Rules Applicable to Security Options Granted After June 30, 2021, to an Employee of a Corporation, Other Than a CCPC, or a Mutual Fund Trust Whose Gross Annual Income is More Than $500 Million
New rules came into effect on July 1, 2021, for security options granted to an employee of a corporation (other than a Canadian-controlled private corporation [CCPC]) or a mutual fund trust whose gross annual income is more than $500 million according to its financial statements (or its consolidated financial statements).
The rules do not apply to security options granted after June 30, 2021, that replace options granted on or before that date.
Under the new rules, the $200,000 limit applies to the total value of the security options that an employee can acquire in a year and that will be eligible for the security option deduction. The limit is based on the fair market value of the securities at the time the agreement was entered into and is for the year in which the option can be exercised for the first time in regard to the securities. Securities whose value exceeds the annual acquisition limit of $200,000 are considered non-qualified securities.
For more information, see Schedule 59 of the Canada Revenue Agency's corporation income tax return (T2), in which you are required to report the non-qualified securities.
If the security options you provide as an employer are subject to the new rules, you can elect to designate securities to be issued or sold under the agreement (including securities whose value does not exceed the $200,000 limit) as non-qualified securities. If a security option concerns a non-qualified security, the employee cannot claim the security option deduction in their income tax return. In this case, you can deduct an amount equal to the value of the security option benefit that is included in the employee's income when calculating your taxable income, under certain conditions.
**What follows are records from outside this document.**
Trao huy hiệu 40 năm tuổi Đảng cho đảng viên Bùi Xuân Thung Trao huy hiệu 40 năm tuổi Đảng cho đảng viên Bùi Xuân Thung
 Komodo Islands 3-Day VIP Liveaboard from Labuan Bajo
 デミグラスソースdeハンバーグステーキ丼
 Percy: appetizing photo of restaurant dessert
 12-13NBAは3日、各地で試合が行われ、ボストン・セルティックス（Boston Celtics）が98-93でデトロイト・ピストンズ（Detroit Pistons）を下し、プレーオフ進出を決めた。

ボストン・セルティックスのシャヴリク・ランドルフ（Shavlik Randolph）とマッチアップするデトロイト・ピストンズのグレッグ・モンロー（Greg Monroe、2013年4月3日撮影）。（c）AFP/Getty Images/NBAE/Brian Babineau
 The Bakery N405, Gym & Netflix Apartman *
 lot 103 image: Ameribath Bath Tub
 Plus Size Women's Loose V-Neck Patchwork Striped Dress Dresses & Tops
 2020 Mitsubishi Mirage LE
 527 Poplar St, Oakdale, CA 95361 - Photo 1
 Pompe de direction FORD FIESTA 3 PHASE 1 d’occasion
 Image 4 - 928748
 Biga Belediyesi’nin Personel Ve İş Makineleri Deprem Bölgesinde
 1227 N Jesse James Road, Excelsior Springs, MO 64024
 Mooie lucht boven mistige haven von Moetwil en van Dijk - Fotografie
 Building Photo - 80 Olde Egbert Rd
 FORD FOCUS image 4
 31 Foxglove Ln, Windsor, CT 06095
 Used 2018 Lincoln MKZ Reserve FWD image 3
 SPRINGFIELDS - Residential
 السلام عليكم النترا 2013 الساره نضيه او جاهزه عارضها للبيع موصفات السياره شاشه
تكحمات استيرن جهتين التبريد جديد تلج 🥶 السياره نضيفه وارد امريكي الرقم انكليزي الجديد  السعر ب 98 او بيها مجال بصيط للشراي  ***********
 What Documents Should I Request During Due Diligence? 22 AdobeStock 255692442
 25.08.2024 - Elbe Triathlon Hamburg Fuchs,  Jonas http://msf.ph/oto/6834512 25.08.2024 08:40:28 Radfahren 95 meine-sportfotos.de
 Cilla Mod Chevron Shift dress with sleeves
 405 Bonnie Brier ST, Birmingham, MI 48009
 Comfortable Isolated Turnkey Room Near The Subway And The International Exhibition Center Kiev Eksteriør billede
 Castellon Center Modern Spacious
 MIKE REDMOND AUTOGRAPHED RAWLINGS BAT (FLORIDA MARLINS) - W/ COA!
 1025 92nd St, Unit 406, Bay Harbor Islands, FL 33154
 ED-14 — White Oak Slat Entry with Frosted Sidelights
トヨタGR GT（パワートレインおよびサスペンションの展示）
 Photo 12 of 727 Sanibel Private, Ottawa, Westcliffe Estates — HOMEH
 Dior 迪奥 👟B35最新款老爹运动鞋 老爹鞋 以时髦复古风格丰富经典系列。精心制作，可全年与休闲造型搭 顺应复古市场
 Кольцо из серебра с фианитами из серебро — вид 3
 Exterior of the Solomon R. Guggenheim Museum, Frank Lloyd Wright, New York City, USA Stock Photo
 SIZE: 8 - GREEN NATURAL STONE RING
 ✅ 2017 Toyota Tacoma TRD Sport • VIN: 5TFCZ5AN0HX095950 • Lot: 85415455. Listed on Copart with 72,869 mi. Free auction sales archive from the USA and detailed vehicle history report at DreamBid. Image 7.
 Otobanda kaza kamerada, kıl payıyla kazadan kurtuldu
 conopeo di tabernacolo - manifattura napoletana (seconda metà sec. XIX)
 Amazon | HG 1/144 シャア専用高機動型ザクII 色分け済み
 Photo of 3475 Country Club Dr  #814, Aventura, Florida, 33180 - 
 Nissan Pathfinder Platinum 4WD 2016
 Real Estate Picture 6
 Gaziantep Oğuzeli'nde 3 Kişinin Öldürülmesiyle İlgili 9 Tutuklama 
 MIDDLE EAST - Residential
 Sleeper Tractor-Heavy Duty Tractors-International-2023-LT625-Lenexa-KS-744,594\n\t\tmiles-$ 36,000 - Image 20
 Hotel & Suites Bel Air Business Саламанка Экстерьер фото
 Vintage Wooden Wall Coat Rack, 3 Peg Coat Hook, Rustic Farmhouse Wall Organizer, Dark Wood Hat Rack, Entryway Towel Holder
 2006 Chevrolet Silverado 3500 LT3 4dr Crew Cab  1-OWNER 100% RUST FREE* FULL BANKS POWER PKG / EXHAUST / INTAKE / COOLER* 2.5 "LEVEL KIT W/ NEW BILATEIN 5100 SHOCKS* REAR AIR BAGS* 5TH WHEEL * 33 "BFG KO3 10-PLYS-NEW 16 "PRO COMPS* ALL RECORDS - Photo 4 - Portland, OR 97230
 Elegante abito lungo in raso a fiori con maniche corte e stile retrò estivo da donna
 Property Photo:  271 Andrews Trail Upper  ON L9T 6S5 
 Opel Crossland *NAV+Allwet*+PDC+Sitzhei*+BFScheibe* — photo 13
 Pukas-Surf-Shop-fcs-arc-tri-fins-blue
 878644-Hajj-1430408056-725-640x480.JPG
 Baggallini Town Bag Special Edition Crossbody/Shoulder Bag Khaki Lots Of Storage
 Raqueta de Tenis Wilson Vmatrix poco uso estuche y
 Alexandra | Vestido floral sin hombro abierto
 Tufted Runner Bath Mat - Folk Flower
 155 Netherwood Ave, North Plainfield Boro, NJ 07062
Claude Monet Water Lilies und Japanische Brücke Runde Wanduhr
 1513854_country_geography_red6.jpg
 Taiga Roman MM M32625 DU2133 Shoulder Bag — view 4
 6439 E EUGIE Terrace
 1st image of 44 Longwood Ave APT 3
If you designate securities as non-qualified securities under federal legislation, the securities are also considered non-qualified securities under Québec legislation. If you do not make a designation under federal legislation, you cannot make one under Québec legislation.
If you designate securities as non-qualified securities, you cannot make the election under subsection 110(1.1) of the federal Income Tax Act that enables the employee to claim the security option deduction. Moreover, if an employee transfers their right in a security option (other than a non-qualified security) to you as consideration for a cash payment or a benefit in kind without acquiring any securities, and the right is provided for in an agreement covered by the rules that apply to security options granted after June 30, 2021, the employee can claim a security option deduction without you having made the election under subsection 110(1.1). In this case, you cannot deduct any amount when calculating your taxable income.
If the value of a security option granted to an employee exceeds the annual acquisition limit of $200,000, or if you elect to designate securities as non-qualified securities, you must notify the employee in writing that the securities are non-qualified securities no later than 30 days after the day the agreement is entered into.
In addition, you must send us a copy of the T2 Schedule 59 that you sent the Canada Revenue Agency to report the non-qualified securities. Send us the schedule no later than the filing deadline for the income tax return for the taxation year during which the agreement is entered into.
If an employee donates to a qualified donee a publicly listed share acquired under a security option that is a non-qualified security, the employee is not eligible for the security option deduction or the additional 50% deduction for the donation of securities. The employee may be eligible for the tax credit for charitable donations and other gifts.